_WHAT YOU HAVE TO DO_
In the records that follow, find the line with "Un baño con"; from there, retype every line exactly through the line with "Dramatic green mountain", which also belongs to the answer.

_DATASET RECORDS_
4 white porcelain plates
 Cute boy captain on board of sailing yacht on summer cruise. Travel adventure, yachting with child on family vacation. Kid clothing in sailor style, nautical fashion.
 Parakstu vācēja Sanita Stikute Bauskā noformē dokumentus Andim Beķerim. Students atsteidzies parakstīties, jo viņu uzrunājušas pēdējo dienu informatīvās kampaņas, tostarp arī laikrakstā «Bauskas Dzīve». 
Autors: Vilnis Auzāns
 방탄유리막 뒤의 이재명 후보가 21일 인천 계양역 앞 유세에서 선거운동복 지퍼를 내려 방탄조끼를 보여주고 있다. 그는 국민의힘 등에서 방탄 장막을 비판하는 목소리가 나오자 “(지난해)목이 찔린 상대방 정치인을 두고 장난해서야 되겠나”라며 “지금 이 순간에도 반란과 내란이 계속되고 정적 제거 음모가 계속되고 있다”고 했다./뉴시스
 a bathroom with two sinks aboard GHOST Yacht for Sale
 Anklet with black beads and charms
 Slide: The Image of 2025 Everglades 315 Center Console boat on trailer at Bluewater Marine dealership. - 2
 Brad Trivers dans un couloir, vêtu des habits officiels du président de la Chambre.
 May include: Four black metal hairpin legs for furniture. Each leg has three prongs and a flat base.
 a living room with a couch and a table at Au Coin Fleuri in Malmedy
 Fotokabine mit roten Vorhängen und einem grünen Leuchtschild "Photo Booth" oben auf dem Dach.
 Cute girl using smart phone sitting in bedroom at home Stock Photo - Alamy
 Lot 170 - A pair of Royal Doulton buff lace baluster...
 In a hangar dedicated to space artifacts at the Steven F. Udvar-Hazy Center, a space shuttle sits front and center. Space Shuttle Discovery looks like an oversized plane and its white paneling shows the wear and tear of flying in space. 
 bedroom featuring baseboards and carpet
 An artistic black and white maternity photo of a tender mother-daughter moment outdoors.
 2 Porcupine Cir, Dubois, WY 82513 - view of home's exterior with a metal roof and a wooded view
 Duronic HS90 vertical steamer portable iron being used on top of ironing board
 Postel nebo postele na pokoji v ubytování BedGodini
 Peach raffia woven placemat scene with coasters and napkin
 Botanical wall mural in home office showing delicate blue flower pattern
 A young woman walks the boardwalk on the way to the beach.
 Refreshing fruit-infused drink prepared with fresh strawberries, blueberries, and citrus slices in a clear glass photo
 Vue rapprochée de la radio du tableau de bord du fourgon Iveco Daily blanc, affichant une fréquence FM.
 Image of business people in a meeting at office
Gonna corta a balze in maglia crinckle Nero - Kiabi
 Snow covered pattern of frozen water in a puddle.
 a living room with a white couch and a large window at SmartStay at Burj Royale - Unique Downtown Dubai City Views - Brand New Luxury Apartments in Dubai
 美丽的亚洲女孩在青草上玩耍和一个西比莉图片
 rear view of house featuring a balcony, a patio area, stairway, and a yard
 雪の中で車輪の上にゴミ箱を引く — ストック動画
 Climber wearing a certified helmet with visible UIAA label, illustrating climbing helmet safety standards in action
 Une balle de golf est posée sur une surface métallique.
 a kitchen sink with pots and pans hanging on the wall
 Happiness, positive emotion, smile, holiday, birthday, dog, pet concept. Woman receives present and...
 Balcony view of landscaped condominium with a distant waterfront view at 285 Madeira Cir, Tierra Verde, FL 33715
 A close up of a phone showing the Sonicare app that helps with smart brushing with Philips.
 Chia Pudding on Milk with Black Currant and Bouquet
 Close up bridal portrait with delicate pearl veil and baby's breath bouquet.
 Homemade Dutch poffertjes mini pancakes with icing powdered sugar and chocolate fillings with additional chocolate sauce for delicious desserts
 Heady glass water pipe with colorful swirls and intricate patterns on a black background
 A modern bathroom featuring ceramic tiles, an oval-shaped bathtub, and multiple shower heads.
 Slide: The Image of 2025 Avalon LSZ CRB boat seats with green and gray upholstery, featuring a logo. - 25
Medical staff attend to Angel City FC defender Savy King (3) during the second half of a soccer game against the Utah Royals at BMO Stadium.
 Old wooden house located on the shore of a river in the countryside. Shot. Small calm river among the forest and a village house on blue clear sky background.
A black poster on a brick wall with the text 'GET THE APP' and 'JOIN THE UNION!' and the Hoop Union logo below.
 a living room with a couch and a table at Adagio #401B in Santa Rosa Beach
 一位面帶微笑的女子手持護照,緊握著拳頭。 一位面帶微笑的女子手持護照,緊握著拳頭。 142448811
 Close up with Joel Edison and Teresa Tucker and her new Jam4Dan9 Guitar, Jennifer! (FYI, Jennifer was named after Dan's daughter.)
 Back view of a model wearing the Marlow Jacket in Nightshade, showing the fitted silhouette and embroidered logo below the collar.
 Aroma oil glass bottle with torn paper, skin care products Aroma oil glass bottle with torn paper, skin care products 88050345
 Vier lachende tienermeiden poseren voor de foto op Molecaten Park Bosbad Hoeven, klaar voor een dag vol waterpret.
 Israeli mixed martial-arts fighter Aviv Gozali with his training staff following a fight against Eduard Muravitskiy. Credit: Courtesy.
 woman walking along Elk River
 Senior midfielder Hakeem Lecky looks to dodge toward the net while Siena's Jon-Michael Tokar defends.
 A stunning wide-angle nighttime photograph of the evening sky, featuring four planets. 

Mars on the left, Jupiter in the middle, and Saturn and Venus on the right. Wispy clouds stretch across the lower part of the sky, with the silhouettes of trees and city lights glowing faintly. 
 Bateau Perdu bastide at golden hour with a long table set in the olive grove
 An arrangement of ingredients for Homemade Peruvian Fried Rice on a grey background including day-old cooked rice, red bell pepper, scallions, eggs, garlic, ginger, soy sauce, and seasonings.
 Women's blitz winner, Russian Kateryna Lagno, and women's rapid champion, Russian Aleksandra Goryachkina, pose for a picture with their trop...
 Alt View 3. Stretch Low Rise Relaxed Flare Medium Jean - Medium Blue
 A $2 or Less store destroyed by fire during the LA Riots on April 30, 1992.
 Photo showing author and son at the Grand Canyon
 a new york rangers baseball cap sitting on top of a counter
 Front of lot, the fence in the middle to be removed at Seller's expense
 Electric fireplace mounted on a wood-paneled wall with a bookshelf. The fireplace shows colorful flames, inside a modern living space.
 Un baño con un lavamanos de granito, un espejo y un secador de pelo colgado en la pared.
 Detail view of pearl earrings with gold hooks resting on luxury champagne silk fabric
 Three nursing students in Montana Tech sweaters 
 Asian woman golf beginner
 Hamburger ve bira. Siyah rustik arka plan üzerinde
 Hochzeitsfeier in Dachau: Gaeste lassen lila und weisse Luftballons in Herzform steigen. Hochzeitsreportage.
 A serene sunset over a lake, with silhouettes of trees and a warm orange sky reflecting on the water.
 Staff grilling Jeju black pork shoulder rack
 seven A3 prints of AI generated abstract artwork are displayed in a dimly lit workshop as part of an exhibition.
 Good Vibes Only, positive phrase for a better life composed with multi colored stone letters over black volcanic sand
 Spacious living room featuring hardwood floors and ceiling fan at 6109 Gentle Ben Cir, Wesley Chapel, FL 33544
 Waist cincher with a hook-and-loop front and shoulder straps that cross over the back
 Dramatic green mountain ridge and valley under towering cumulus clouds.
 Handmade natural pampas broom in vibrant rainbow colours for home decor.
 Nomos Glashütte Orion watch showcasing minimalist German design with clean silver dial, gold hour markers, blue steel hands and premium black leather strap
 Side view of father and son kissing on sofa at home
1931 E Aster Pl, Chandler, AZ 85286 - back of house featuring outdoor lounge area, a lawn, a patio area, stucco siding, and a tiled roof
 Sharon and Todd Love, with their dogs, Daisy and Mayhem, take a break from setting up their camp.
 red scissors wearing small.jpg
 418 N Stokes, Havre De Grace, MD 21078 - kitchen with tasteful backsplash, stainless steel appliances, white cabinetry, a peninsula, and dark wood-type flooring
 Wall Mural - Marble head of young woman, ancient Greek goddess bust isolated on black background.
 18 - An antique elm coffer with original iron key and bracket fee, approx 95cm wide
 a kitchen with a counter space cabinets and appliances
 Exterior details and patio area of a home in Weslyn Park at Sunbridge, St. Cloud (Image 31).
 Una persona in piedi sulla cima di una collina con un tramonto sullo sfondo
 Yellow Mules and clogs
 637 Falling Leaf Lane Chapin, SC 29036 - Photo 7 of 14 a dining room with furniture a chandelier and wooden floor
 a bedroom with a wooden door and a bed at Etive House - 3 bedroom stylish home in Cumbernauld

_RESULT FOR THIS EXERCISE_
 Un baño con un lavamanos de granito, un espejo y un secador de pelo colgado en la pared.
 Detail view of pearl earrings with gold hooks resting on luxury champagne silk fabric
 Three nursing students in Montana Tech sweaters 
 Asian woman golf beginner
 Hamburger ve bira. Siyah rustik arka plan üzerinde
 Hochzeitsfeier in Dachau: Gaeste lassen lila und weisse Luftballons in Herzform steigen. Hochzeitsreportage.
 A serene sunset over a lake, with silhouettes of trees and a warm orange sky reflecting on the water.
 Staff grilling Jeju black pork shoulder rack
 seven A3 prints of AI generated abstract artwork are displayed in a dimly lit workshop as part of an exhibition.
 Good Vibes Only, positive phrase for a better life composed with multi colored stone letters over black volcanic sand
 Spacious living room featuring hardwood floors and ceiling fan at 6109 Gentle Ben Cir, Wesley Chapel, FL 33544
 Waist cincher with a hook-and-loop front and shoulder straps that cross over the back
 Dramatic green mountain ridge and valley under towering cumulus clouds.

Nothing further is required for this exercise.